Publication Type:Journal Article
Source:Journal of Phytopathology (2016)
The oomycete plant pathogen Phytophthora cinnamomi causes a highly destructive root rot that affects numerous hosts. Integrated management strategies are needed to control P. cinnamomi in seminatural oak rangelands. We tested how biofumigation affects crucial stages of the pathogen's life cycle in vitro, in infested soils under laboratory conditions and in planta. Different genotypes of three potential biofumigant plant species (Brassica carinata, Brassica juncea, Brassica napus) were collected at different phenological stages, analysed for their glucosinolate contents, and subsequently tested.

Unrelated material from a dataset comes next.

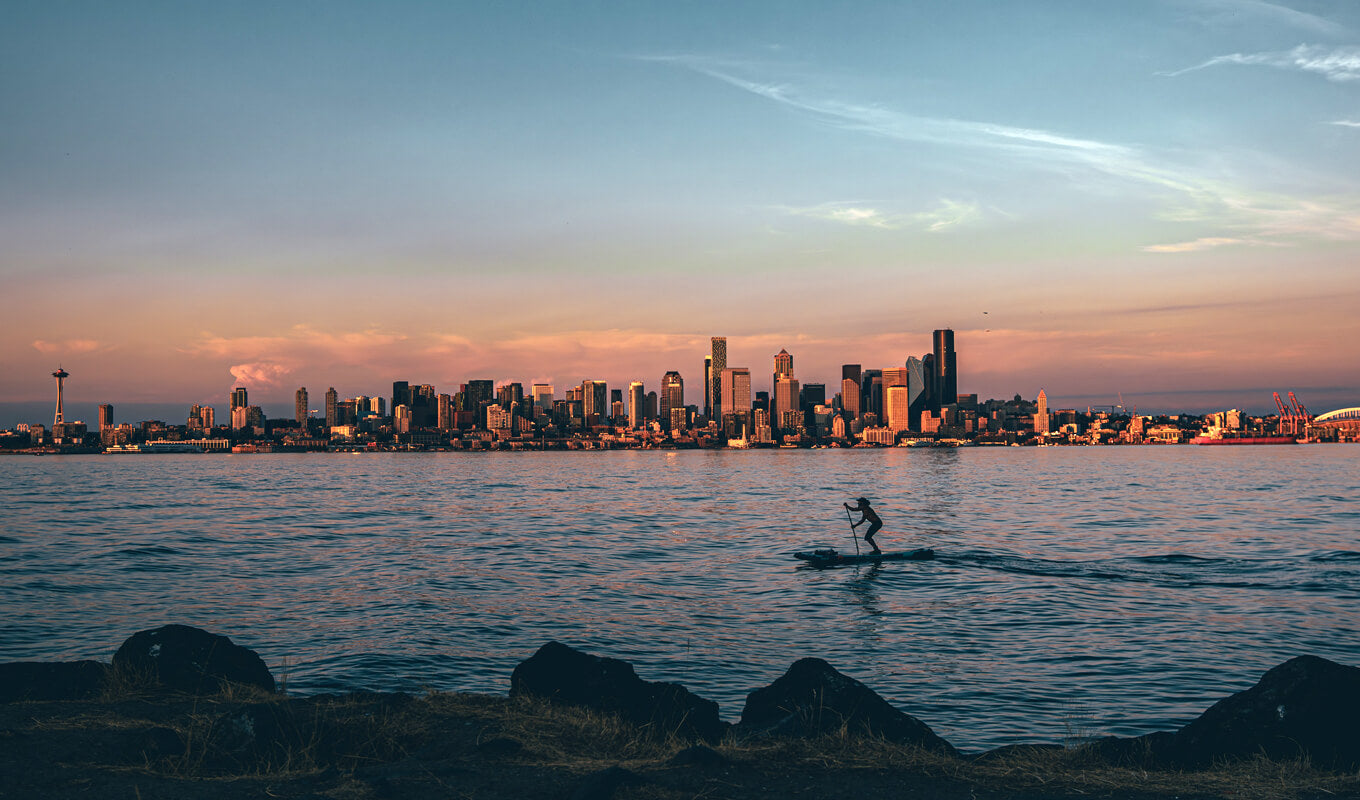 Man paddle boarding on Alki beach, Seattle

The most effective genotypes against mycelial growth and sporangial production were further tested on the viability of chlamydospores in artificially infested natural soils and in planta on Lupinus luteus, a host highly susceptible to P.cinnamomi. Brassica carinata and B. juncea genotypes inhibited mycelial growth, decreased sporangial production, and effectively inhibited the viability of chlamydospores in soil, but only B. carinata decreased disease symptoms in plants. Effective genotypes of Brassica had high levels of the glucosinolate sinigrin. Biofumigation with Brassica plants rich in sinigrin has potential to be a suitable tool for control of oak root disease caused by P. cinnamomi in Spanish oak rangeland ecosystems.